The cybercriminals behind the recently discovered GozNym banking Trojan have started targeting users in European countries.
GozNym, a malware that combines code from the Nymaim ransomware dropper and the Gozi ISFB banking Trojan, surfaced in April, when it was observed targeting 24 financial institutions in North America.
According to IBM X-Force researchers, malicious actors have begun using the malware in attacks aimed at Europe. The threat has targeted corporate, investment banking and consumer accounts at 17 banks in Poland and one major bank in Portugal. In addition to banks, the Trojan also targets the customers of Polish webmail service providers.
Once it infects a device, the malware monitors the victim’s online activities and compares the websites they visit to a list of 230 URLs stored in its configuration file. When one of these sites is accessed, a redirection attack is initiated and the user is taken to a phishing page that mimics the targeted service.
Such redirection attacks are common for financial malware, including well-known threats such as Dridex and Dyre. However, GozNym authors have come up with a two-phase redirection scheme that should make it more difficult for researchers to analyze the campaign.
In the first phase, when users visit one of the targeted websites, they are immediately redirected to the corresponding phishing page. This page, which allows attackers to collect credentials and two factor authentication data, appears to be hosted on the bank’s legitimate domain and even an SSL certificate indicator is displayed in the browser’s address bar. This is done by sending empty requests to the bank’s legitimate website in an effort to keep the SSL connection alive.

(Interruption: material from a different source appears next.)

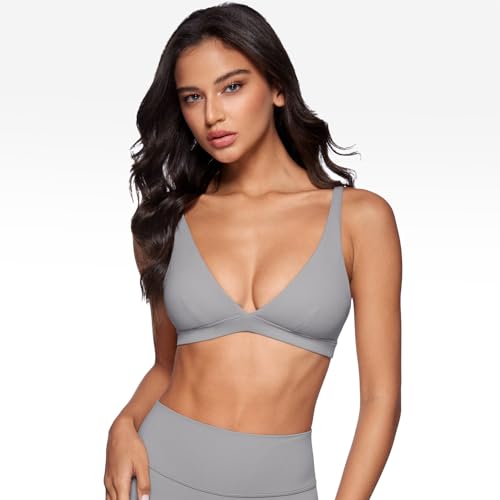 Image of INGIA Deep V-Neck Sports Bra Padded U Back Yoga Workout Bra | Low Impact, Fitness, Yoga, Wireless, Workout, Contour, Crop Top, for Women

While users are taken to the malicious page in the first phase of the attack, the content of this page is actually under a blank overlay mask that covers the entire screen. By covering up the malicious content, cybercriminals make it look like an empty page when someone attempts to examine it. The redirection, the phishing page and the overlay screen are fetched from a command and control (C&C) server hosted in Moscow, Russia.
In the second phase of the attack, the overlay screen is removed and the phishing page is displayed to the victim. This is done via a JavaScript file that manipulates the Document Object Model (DOM).
After the initial login data is provided, a delay screen is injected and the victim is instructed to wait. In the meantime, the attackers query the C&C server for webinjections designed to trick them into handing over additional information.
The second phase relies on a different C&C server, which makes the attack more difficult to analyze.
“Projects of this technical level are the domain of a few major cybercrime gangs active in the world. Convincing redirection attacks are a resource-intensive endeavor that require their operators to invest heavily in creating website replicas of individual targeted banks. The Nymaim gang stands out as one of very few groups with this capability,” said Limor Kessem, executive security advisor at IBM. “Currently, the only other known malware actively using redirection attacks is the Dridex gang. Rumors say a Neverquest faction also employs them; however, the latter has not yet been detected in the wild.”